WHAT IS REQUIRED:
Beneath this task are records; print exactly the stretch of them from the line with "Nha Trang tạm" through the line with "FIAT Panda 1.2", both ends included.

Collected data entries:
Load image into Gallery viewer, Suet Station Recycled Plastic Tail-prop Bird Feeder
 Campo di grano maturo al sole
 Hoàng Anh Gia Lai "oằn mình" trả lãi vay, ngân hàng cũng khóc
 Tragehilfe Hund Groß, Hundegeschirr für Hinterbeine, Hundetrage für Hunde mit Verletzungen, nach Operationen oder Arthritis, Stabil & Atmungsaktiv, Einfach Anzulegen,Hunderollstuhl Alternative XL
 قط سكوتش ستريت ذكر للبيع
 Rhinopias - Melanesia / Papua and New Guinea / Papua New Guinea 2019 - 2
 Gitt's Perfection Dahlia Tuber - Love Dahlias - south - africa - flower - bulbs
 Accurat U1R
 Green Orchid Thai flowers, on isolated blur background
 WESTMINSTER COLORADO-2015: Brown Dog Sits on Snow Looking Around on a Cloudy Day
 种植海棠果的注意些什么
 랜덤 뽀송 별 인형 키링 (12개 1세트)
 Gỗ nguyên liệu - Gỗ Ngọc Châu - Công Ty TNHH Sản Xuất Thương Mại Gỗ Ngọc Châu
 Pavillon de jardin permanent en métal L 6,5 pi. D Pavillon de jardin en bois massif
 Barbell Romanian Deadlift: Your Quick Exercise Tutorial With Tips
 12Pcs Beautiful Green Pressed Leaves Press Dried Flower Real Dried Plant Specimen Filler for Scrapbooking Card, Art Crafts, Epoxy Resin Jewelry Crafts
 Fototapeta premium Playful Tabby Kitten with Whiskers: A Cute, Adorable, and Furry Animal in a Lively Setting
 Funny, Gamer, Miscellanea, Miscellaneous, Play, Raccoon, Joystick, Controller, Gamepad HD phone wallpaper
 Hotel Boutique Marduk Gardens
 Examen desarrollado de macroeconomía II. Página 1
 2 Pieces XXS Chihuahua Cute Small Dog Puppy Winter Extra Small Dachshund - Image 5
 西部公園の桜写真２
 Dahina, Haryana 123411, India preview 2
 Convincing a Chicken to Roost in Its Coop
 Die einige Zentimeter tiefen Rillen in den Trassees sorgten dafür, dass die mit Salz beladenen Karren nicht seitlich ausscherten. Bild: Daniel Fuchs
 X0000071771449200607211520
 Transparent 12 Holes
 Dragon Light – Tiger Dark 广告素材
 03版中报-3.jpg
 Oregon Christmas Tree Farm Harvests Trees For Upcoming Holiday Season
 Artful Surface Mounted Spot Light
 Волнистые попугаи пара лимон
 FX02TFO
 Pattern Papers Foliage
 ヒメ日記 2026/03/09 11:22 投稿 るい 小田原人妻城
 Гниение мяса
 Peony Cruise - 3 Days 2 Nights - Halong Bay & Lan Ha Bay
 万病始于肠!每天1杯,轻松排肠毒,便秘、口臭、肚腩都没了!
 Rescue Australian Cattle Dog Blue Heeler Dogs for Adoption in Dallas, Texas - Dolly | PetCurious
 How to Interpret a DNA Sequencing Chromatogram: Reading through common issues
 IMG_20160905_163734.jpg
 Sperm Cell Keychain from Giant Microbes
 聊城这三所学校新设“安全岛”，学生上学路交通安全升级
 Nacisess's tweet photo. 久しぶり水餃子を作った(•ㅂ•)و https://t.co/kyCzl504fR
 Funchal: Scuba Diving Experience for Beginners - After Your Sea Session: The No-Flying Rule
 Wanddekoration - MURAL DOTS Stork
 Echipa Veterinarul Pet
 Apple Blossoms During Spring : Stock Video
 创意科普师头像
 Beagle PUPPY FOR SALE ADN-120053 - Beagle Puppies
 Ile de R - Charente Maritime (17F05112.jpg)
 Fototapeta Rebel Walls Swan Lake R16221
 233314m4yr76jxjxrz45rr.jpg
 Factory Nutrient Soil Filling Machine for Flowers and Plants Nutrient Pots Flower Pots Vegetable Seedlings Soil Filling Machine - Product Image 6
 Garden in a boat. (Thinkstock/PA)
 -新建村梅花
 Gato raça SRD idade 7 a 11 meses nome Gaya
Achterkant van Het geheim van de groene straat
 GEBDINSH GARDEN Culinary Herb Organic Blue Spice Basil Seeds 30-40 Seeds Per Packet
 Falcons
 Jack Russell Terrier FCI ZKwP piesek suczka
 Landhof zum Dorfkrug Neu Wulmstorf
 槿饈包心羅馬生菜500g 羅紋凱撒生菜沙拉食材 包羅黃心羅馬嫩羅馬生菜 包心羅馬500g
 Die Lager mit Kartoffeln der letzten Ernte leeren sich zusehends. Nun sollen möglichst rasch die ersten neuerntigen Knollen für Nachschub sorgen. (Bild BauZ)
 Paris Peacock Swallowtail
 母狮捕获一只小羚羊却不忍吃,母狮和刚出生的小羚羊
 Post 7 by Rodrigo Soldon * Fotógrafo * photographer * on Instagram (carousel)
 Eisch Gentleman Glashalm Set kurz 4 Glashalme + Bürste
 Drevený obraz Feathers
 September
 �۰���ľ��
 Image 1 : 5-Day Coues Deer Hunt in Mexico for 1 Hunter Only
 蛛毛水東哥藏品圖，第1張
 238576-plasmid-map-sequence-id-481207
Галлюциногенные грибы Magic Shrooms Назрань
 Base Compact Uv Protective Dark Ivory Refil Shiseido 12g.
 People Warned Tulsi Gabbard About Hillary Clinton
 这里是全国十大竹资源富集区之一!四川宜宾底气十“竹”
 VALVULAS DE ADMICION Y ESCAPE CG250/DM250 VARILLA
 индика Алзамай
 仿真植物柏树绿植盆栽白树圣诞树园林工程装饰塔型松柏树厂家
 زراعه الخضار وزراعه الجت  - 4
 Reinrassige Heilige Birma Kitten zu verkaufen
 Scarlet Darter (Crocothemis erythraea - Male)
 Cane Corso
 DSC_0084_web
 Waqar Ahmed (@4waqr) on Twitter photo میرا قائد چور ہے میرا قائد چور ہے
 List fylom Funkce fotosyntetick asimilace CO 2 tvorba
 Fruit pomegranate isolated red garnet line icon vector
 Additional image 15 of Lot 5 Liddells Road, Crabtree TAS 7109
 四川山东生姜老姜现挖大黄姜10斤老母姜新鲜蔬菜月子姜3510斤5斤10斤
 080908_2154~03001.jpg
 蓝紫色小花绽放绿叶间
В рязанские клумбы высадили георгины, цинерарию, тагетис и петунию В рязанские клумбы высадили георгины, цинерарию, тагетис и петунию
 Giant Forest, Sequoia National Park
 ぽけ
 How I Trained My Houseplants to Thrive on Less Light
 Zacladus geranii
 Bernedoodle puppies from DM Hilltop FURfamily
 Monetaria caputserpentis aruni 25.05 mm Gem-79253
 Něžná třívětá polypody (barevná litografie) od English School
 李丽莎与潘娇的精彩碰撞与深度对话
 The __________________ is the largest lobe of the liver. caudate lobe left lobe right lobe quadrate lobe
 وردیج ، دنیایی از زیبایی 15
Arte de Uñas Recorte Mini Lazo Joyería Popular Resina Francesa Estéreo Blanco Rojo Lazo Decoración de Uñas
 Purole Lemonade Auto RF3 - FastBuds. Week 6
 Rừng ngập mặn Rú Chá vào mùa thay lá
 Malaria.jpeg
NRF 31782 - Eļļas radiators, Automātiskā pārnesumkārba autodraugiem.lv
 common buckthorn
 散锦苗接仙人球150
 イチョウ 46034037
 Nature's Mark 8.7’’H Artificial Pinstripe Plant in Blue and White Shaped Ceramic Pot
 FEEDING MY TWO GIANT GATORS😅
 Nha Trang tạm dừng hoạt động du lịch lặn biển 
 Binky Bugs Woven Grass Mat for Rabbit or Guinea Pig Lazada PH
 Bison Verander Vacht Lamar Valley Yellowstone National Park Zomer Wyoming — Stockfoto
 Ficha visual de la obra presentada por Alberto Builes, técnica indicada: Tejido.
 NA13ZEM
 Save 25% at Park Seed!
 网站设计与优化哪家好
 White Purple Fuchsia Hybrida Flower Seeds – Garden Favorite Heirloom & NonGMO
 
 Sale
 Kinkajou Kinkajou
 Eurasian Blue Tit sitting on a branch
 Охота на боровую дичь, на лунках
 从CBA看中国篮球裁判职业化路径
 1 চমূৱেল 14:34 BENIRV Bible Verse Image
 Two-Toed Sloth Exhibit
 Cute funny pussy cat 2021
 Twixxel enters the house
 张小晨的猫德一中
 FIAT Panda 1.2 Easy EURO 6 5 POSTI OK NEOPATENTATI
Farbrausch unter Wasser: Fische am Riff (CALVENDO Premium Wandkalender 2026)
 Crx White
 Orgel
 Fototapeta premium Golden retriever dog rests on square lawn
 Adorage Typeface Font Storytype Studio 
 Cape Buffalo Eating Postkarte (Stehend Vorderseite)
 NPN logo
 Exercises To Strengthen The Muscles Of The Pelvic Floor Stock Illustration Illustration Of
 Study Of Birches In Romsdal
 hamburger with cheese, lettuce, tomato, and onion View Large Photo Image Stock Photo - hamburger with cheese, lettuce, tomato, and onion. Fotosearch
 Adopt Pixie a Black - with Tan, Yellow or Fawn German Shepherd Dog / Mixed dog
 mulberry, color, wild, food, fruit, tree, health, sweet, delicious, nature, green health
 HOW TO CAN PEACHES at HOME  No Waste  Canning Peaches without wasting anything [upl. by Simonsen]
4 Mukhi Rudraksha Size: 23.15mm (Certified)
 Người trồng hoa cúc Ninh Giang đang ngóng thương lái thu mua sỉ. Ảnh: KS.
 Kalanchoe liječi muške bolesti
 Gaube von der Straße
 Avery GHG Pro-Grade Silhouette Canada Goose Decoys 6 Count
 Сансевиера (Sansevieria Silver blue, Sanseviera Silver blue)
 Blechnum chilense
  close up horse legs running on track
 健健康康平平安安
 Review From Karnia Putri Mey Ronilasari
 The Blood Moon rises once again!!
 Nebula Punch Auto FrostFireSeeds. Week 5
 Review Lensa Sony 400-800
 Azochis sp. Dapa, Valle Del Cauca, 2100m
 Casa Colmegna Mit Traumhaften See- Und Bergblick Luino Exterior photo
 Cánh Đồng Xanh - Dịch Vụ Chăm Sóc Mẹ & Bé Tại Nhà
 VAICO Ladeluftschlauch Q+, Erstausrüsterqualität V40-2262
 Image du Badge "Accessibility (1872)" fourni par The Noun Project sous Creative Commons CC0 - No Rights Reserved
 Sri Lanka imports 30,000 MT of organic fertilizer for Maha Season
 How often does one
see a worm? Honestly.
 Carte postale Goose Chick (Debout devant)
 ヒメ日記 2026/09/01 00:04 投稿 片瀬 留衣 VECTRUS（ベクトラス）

RESULT OF THE EXERCISE:
 Nha Trang tạm dừng hoạt động du lịch lặn biển 
 Binky Bugs Woven Grass Mat for Rabbit or Guinea Pig Lazada PH
 Bison Verander Vacht Lamar Valley Yellowstone National Park Zomer Wyoming — Stockfoto
 Ficha visual de la obra presentada por Alberto Builes, técnica indicada: Tejido.
 NA13ZEM
 Save 25% at Park Seed!
 网站设计与优化哪家好
 White Purple Fuchsia Hybrida Flower Seeds – Garden Favorite Heirloom & NonGMO
 
 Sale
 Kinkajou Kinkajou
 Eurasian Blue Tit sitting on a branch
 Охота на боровую дичь, на лунках
 从CBA看中国篮球裁判职业化路径
 1 চমূৱেল 14:34 BENIRV Bible Verse Image
 Two-Toed Sloth Exhibit
 Cute funny pussy cat 2021
 Twixxel enters the house
 张小晨的猫德一中
 FIAT Panda 1.2 Easy EURO 6 5 POSTI OK NEOPATENTATI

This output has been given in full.